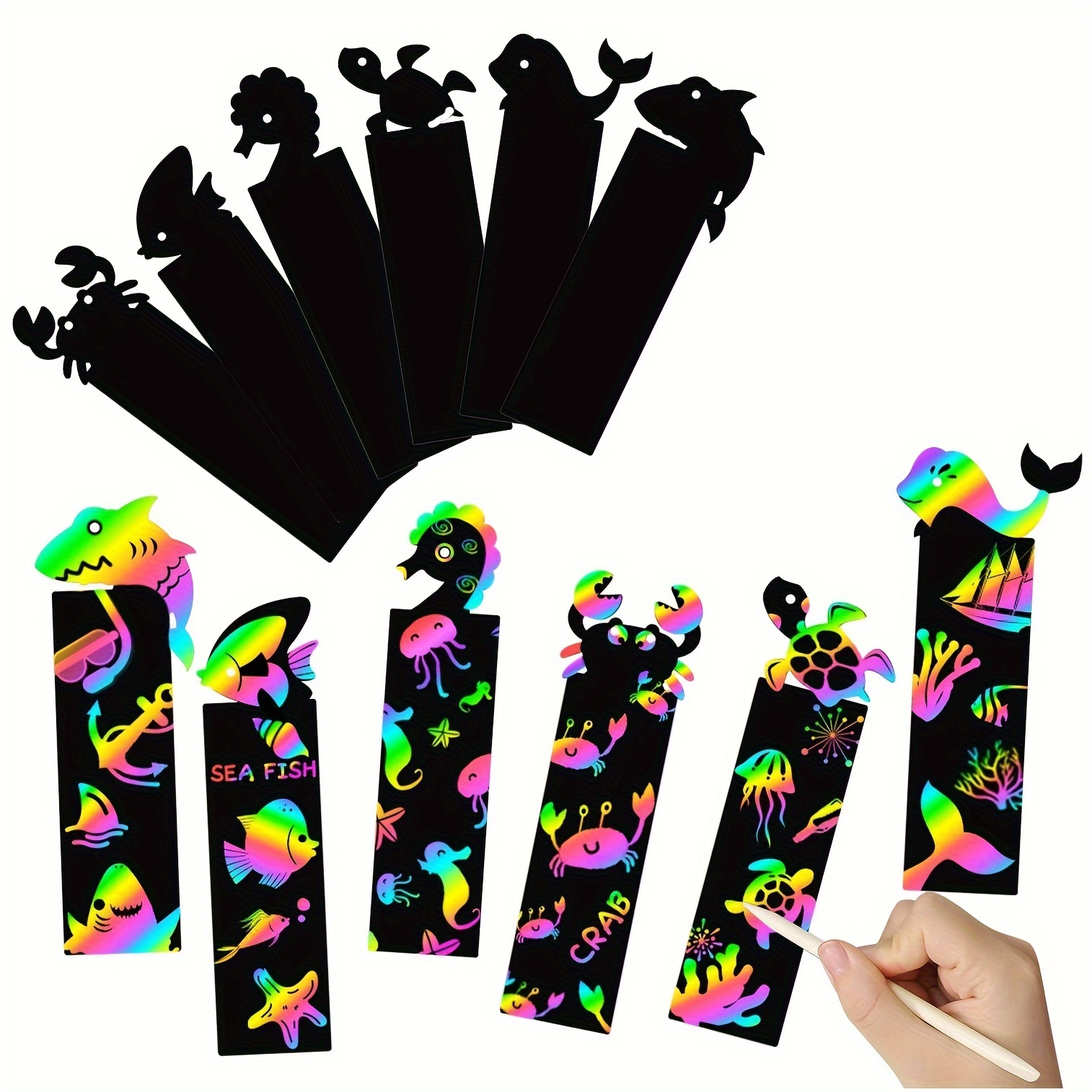 

Ocean Wonders Scratch Art Bookmarks Kit - 48pcs Sea Creatures With Styluses & Colorful Ribbons, Diy Craft Set For School, Home, Travel Fun - Perfect For Halloween, Christmas, Easter, Birthday Gifts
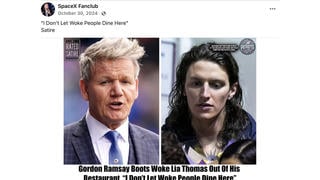 Fact Check: Gordon Ramsay Did NOT 'Boot' Lia Thomas Out Of His Restaurant Saying 'I Don't Let Woke People Dine Here' -- It's From Satire Article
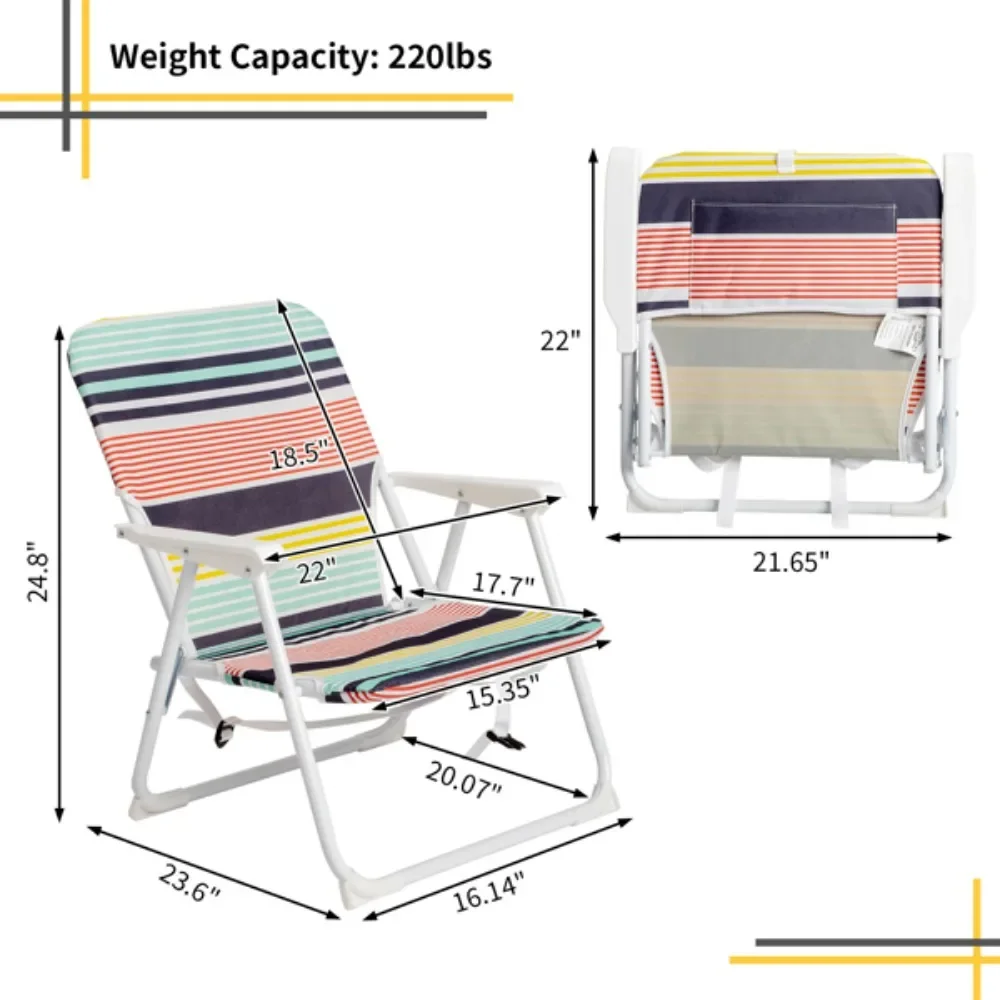 Kleur: Strandstoel, Oxford-Doek, Wit Ijzeren Frame, Klein Formaat: 56*60*63Cm, 100Kg Stalen Frame, Licht Gewicht, Sterk En Stabiel.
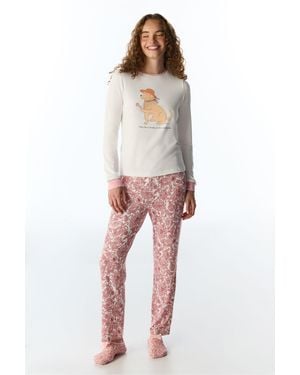 Penti Kırık Countryside Dog Pattern Long Sleeve Pyjama Top - White
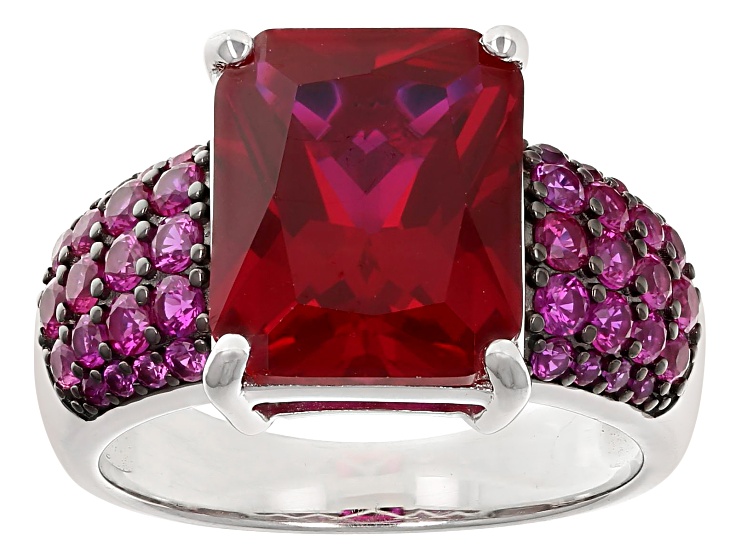 イヤリング LC 574 RUBY Red Lab Created Ruby Rhodium Over Silver Earrings 12.51ctw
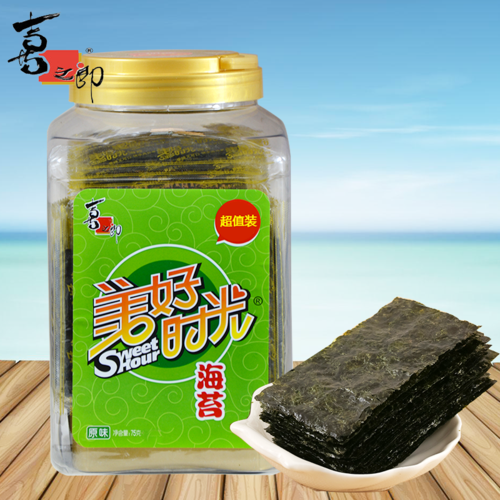 喜之郎美好时光海苔系列75g桶装原味即食香脆片儿童休闲小吃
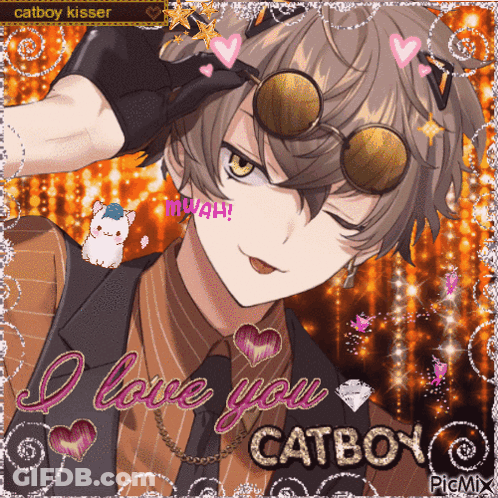 A Picture Of A Catboy With The Words " I Love You Catboy " GIF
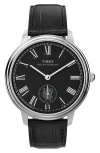 Timex ® Waterbury Metropolitan Leather Strap Watch, 39mm In Black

== == ==

- _Work item_:
From the first line to the last, write out the data exactly, omitting any pictures.

- _Exercise response_:
Ocean Wonders Scratch Art Bookmarks Kit - 48pcs Sea Creatures With Styluses & Colorful Ribbons, Diy Craft Set For School, Home, Travel Fun - Perfect For Halloween, Christmas, Easter, Birthday Gifts
 Fact Check: Gordon Ramsay Did NOT 'Boot' Lia Thomas Out Of His Restaurant Saying 'I Don't Let Woke People Dine Here' -- It's From Satire Article
 Kleur: Strandstoel, Oxford-Doek, Wit Ijzeren Frame, Klein Formaat: 56*60*63Cm, 100Kg Stalen Frame, Licht Gewicht, Sterk En Stabiel.
 Penti Kırık Countryside Dog Pattern Long Sleeve Pyjama Top - White
 イヤリング LC 574 RUBY Red Lab Created Ruby Rhodium Over Silver Earrings 12.51ctw
 喜之郎美好时光海苔系列75g桶装原味即食香脆片儿童休闲小吃
 A Picture Of A Catboy With The Words " I Love You Catboy " GIF
 Timex ® Waterbury Metropolitan Leather Strap Watch, 39mm In Black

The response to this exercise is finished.